Role Median Total Compensation (Levels.fyi) Board Posted Range (Zero G Talent)
Hardware Engineer $200,000
Controls Engineer $190,950
Electrical Engineer $188,940
Technical Program Manager $199,995
Aerospace Engineer $175,875
Software Engineer $135,750
Principal Mechanical Engineer $222,000–$250,000
Staff Software Engineer (Test/Sim) $210,000–$234,000
Senior Business Development Manager $294,000–$328,000
Director of Business Development $354,000–$400,000

Equity follows a standard four-year vest: 25 percent at the one-year cliff, then monthly. The Series B1 close—$44.5 million in fresh equity atop a $146 million total Series B—means the option pool is funded but not infinite. Early employees who joined before the NRO and Space Force awards locked in lower strike prices; new hires are pricing into a valuation that already bakes in constellation-scale revenue.

Clearance is the gate. Muon's NRO and Space Force contracts require TS/SCI access for a meaningful slice of the workforce—payload engineers, mission operators, and anyone touching the ground segment. The company sponsors.
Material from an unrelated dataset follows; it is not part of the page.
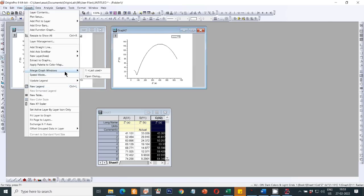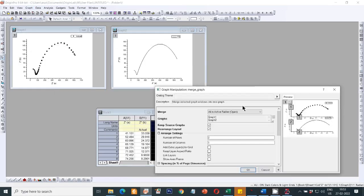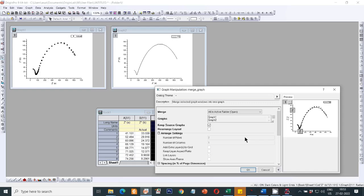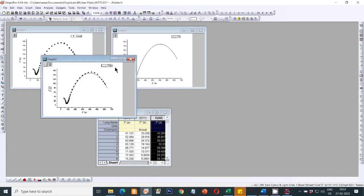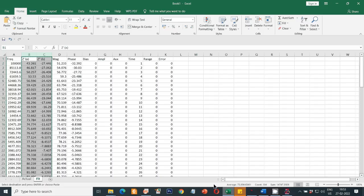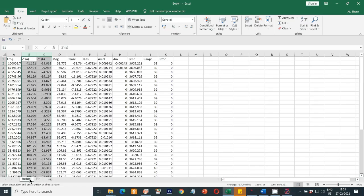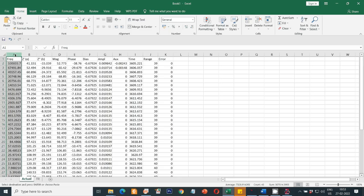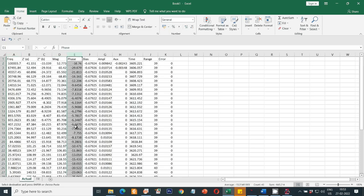Go to Graph, then Merge Graph Windows open dialog. Uncheck the Rearrange Layout option, then click OK. This will give you the final Nyquist plot. For the Bode plots, do something similar — from the actual files, select frequency as X axis and magnitude and phase as Y axes, and the Bode plots can also be plotted in Origin.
Candidates without a current ticket should expect a 12- to 18-month adjudication window; the firm hires clearable U.S. citizens and starts the paperwork on day one. A former intelligence-community security officer runs the personnel security office out of San Jose, not a subcontractor in Colorado. That internal control shortens the feedback loop when a background investigator needs a reference or a polygraph slot.

The cultural friction is real. The kitchen is stocked, lunch is catered three days a week, and dogs roam the high bay. Fast Company named Muon a 2025 Most Innovative Company in Space, and the firm made the America's Greatest Startup Workplaces list. But the same floor that hosts a ping-pong table also runs environmental test cycles that cannot slip. A hardware engineer described it as "SpaceX pace with Lockheed paperwork." The zero-defect review boards for flight units meet weekly; a missed thermal-vacuum qualification pushes the entire constellation schedule. People who thrive are the ones who treat a design review like a sprint demo and a safety-of-flight review like a launch readiness review, because here they happen in the same conference room.

The benefits package covers 100 percent of employee health, dental, and vision premiums (85 percent for dependents) through One Medical, plus a 401(k) managed by Betterment and equity administered via Carta. Parental leave applies to primary and secondary caregivers. The perks are genuine. They are also the only margin the company has to offset the grind of building the first dedicated infrared national-security constellation on commercial timelines.